Ben walked over to the door and peered outside. “Janie, we need to go. There’s a ton of paps out there.”

She turned to the woman. “You wouldn’t happen to have a mirror, would you?”

I grabbed Mom’s arm. “Mom, come on.”

“Okay, okay.” She looked me over and pulled out a lipstick from her bag. “Bug, you look pale. Just put a bit of this on, will you?”

“You’re insane,” I said, shaking my head as I pulled her toward the entrance.

“You ready?” Ben asked me before he opened the door.

“Do we have a choice?”

“Nope.”

“Then, sure. Why not?” I replied.

CHAPTER THREE

I spent my sixteenth birthday in rehab.

Well, visiting Mom in rehab. She hadn’t wanted to go (“Rehab is for people who have a
serious
drinking or drug problem,” she kept saying. “Not someone like me who has a drink once in a while to unwind.”) Ben, her agent Carrie, and her publicist Jared thought it was a good idea. (“Don’t take this the wrong way,” Jared said during the Team Janie meeting at our house the morning after the arrest, “but I’m thinking we might be able to get you a book deal for a memoir out of this. Or at least a column in Oprah’s magazine.”)

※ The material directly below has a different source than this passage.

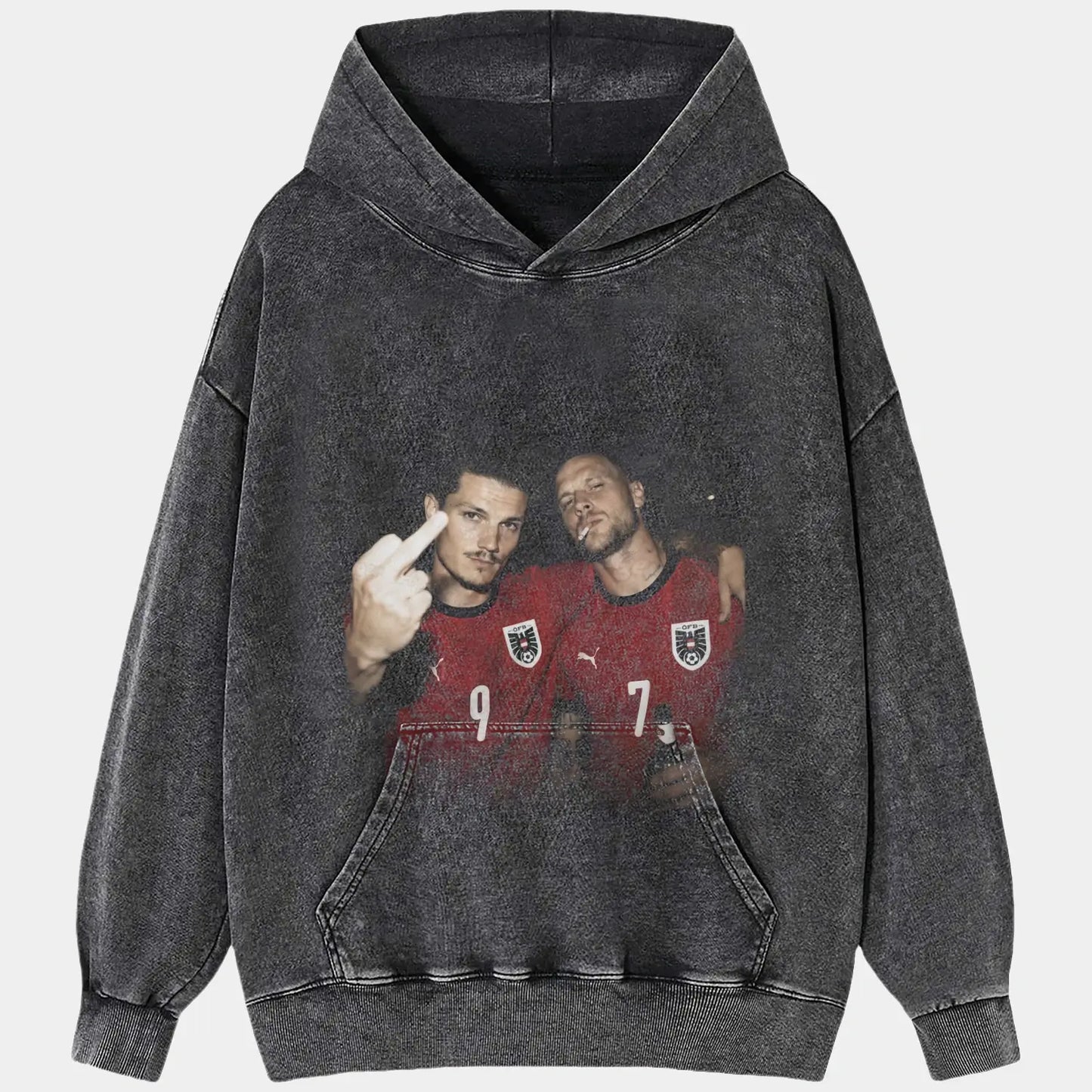 Austria Soccer TEE 2.1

So two days, countless snarky blog posts underneath Mom’s mug shot, and a very unflattering photo of me taken by the T.J. Maxx lady making the rounds on the Internet later, Ben arranged for Esme, our housekeeper, to stay with me during Mom’s time away, and he drove her down to Oasis, a “full-care facility for the recovery of mind, body, and spirit” (read: fancy way to say rehab). He took her when I was at school. More specifically, while I sat in class trying to focus on the trig quiz in front of me. Fully aware that no one else in class was focusing because they were sneaking looks at me to see if I’d end up losing it like Lara Newberry (the Daughter Of a stand-up-comedian-turned-movie-star) had the day after
her
mother had been shipped off there. (“All I can tell you is when you go for Family Weekend,” she told me in the bathroom, “make sure you go hungry, because the food in the dining hall there is awesome. Totally organic. And because alcoholics crave sugar when they’re detoxing, the dessert and snack selection is super-great.”)

I may have looked as if I was keeping it together on the outside, but inside was a different story. That following Wednesday, before joining my friends in the cafeteria, I stopped in the bathroom. Luckily, I was close to the nice one—the one that they had just redone over spring break so that it no longer smelled all vomit-y. (Private school for girls = beaucoup de bulimia.) Once in, I went to the handicapped stall and managed to plop down on the toilet and grab on to the metal rail before my heart started to pound so hard it felt as if it was going to come through my throat.